Je vous ai écouté avec beaucoup d'attention. J'ai entendu également la réplique du président Retailleau à ma réponse.
Mais je m'interroge : qui outrage la Nation ? Qui fracture la Nation ? (Vives protestations sur les travées du groupe Les Républicains.) Qui conduit, dans nos services d'urgence, les soignants à faire des choix éthiques dramatiques ?
Mme Laurence Cohen. Qui a fermé des lits ?
M. Jean Castex, Premier ministre. C'est une infime minorité. Vous dites qu'elle se conforme…
M. Jérôme Bascher. À sa liberté !
M. Jean Castex, Premier ministre. … à la loi, excusatoire. Non, monsieur le président Marseille, elle ne se conforme pas à ses devoirs de citoyens. (Protestations continues sur les travées du groupe Les Républicains.)
Être citoyen, c'est aussi avoir des devoirs. Et de le leur rappeler, c'est tout ce que nous faisons. Nous continuerons, cher président, à faire progresser la vaccination, à « aller vers » ces personnes. (Nouvelles protestations sur les travées du groupe Les Républicains.)

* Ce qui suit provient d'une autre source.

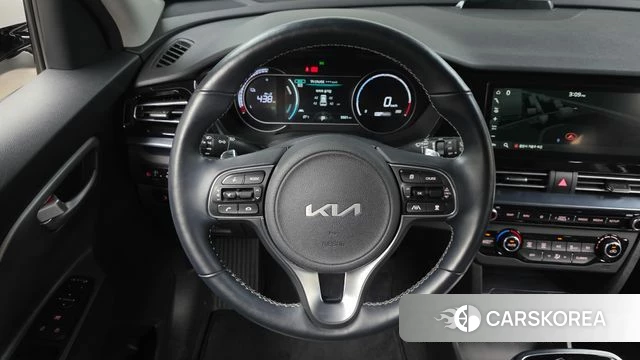 Kia Niro Plus 2023 Белый из Кореи, фото 4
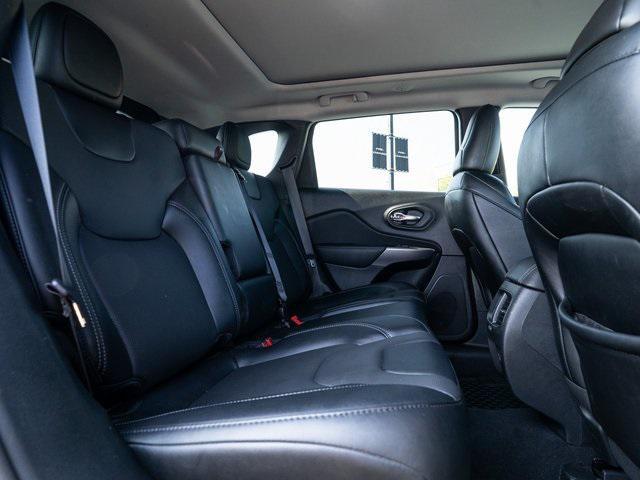 used 2022 Jeep Cherokee car, priced at $23,258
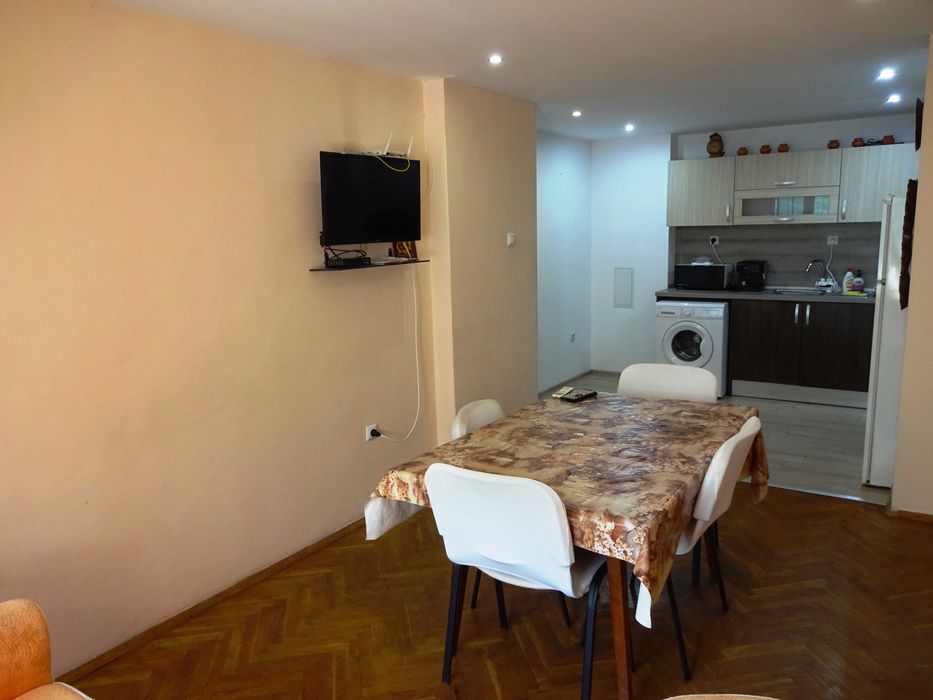 Дава се под наем Четиристаен апартамент в Варна, Зимно кино Тракия - 114 кв.м за 750 € - Снимка #2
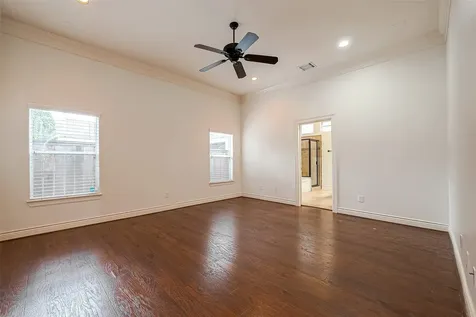 5608 Kansas Street B Houston TX 77007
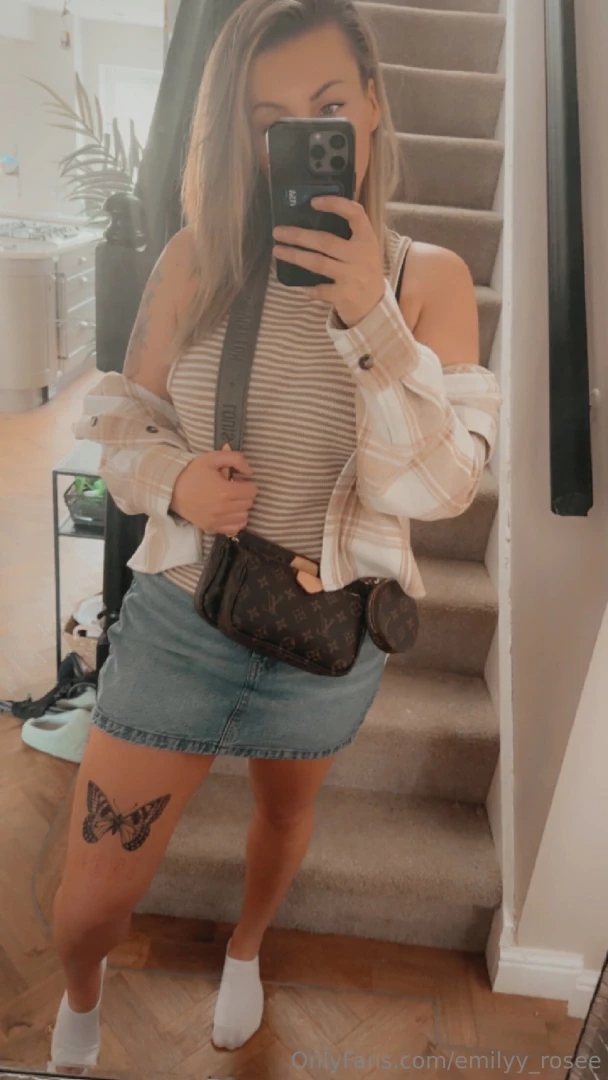 Emilyy-rosee part 457068 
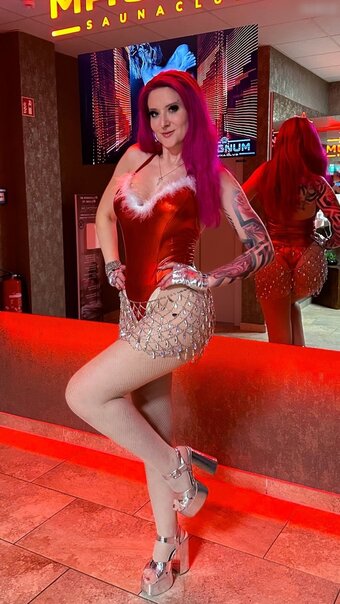 Cherry Berlin / cherry.berlin Nude Leaks OnlyFans Photo 22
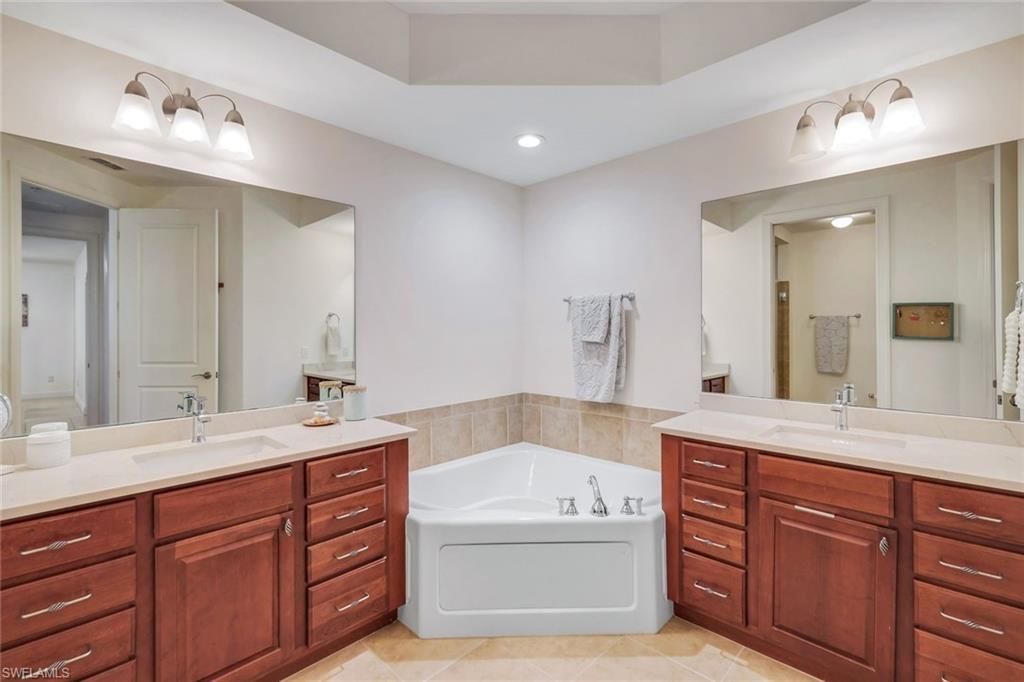 8011 Via Monte Carlo Way, Unit 2111, Estero, FL 33928 Photo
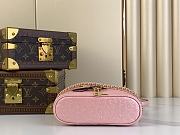 Louis Vuitton Vanity Chain Pouch Pink Ostrich Size 19 x 11.5 x 6.5 cm - 6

Cela produit d'ailleurs des résultats. Vous avez observé, avant même que vous ne le votiez – et j'espère bien que vous le voterez –, que l'annonce du passe vaccinal a relancé les primo-vaccinations.
Mme Sophie Primas. Et alors ?
M. Jean Castex, Premier ministre. On parle beaucoup, à bon droit, des doses de rappel, mais il ne faut pas oublier – vous le savez comme moi – les primo-vaccinations.
Nous approchons les 92 % de primo-vaccinés, c'est un record mondial. (Exclamations teintées d'ironie sur des travées du groupe Les Républicains.) Oui, c'est un record mondial !
Vous prétendez accompagner ma politique. Je me souviens, pour ma part, de toutes les critiques continûment émises sur la politique conduite par le Gouvernement pour gérer cette crise sanitaire. (Protestations sur les travées du groupe Les Républicains.)
M. René-Paul Savary. Il ne faut pas injurier les Français !
M. Jean Castex, Premier ministre. À un moment donné, il faut appeler un chat un chat, responsabiliser nos concitoyens et nous donner, ensemble, les moyens de lutter contre cette pandémie. (Applaudissements sur les travées du groupe RDPI. – MM. Emmanuel Capus, Pierre Médevielle et Pierre Louault applaudissent également.)